"Red" Pilch. Review by Victoria Tayler
'What do you see?’ It is so hollow an opener in the mouth of Ollie Gillam’s sour, pontificating Mark Rothko, who stands inhospitably in the middle of the stage taking up (and indeed taking in) his own painting. It is so delicate a question in the eye of director Ezana Betru, who has deftly risen to the challenge of ‘Red’ with a rich production which, much like Rothko,, invites you to interpret every detail as meticulous and deliberate.
One stops short at claiming ‘divinely inspired,’ but Betru certainly experiments with divine themes.
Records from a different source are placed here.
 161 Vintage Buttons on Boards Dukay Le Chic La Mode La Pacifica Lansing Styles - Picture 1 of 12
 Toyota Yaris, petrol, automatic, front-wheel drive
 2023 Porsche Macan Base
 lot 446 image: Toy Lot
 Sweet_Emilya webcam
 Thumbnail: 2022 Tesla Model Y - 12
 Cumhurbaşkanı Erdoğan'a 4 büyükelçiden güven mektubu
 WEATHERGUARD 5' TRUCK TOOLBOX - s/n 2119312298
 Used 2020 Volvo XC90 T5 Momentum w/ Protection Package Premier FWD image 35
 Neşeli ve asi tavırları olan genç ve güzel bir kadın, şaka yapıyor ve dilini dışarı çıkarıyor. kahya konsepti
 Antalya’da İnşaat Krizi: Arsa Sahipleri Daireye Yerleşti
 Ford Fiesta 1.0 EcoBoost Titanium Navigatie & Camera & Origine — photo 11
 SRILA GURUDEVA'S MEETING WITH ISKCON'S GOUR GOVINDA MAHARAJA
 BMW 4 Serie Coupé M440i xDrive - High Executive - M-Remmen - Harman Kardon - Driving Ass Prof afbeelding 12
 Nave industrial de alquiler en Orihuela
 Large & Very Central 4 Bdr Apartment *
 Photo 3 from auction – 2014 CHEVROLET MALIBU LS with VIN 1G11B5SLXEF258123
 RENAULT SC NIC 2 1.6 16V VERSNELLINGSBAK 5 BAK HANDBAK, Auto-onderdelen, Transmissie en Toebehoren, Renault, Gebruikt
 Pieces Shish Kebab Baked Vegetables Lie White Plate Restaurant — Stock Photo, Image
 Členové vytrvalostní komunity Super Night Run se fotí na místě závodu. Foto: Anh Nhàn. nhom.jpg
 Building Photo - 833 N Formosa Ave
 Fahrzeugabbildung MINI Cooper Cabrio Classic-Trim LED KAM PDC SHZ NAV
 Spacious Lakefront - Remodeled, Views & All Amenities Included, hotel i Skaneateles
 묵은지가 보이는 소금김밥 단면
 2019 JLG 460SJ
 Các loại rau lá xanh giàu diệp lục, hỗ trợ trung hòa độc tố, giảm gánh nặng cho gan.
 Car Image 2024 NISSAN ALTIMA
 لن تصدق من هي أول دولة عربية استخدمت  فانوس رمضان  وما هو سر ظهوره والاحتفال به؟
A surge of classical music and some heavenly white lighting, and one feels the heavy legacy of a renaissance painting tradition shouldered on one self-absorbed artist’s squared shoulders, even if they have never cared for Rothko’s behemoth red rectangles. It is but a small moment in a play embroidered with artistic decisions: it certainly never feels tired. As the blacklight switches on and our heavenly painters become luminescent, athletically smothering the canvas with paint in an almost dancer-like synchronisation, we can’t help but smile. There it is, the old ousted by the new, and with a sense of zany style about it to match.
John Logan’s ‘Red’ depicts a moment in the later career of Mark Rothko, infamous for his ‘five-year-old’ worthy paintings of red squares, and that of his assistant, Ken. Rothko, by this point well reknown if unbeloved, has been commissioned to paint a mural for the Four Seasons Hotel, “the biggest commission since the Sistine Chapel” and disdains it. Ken begins unimpressed but diffident, and eventually rises to challenge Rothko, criticising his vanity, his relentless self-seriousness, his dissonance in accepting the commission whilst lamenting the commercialisation of art and his inability to take seriously the new wave of artists symbolised by Andy Warhol.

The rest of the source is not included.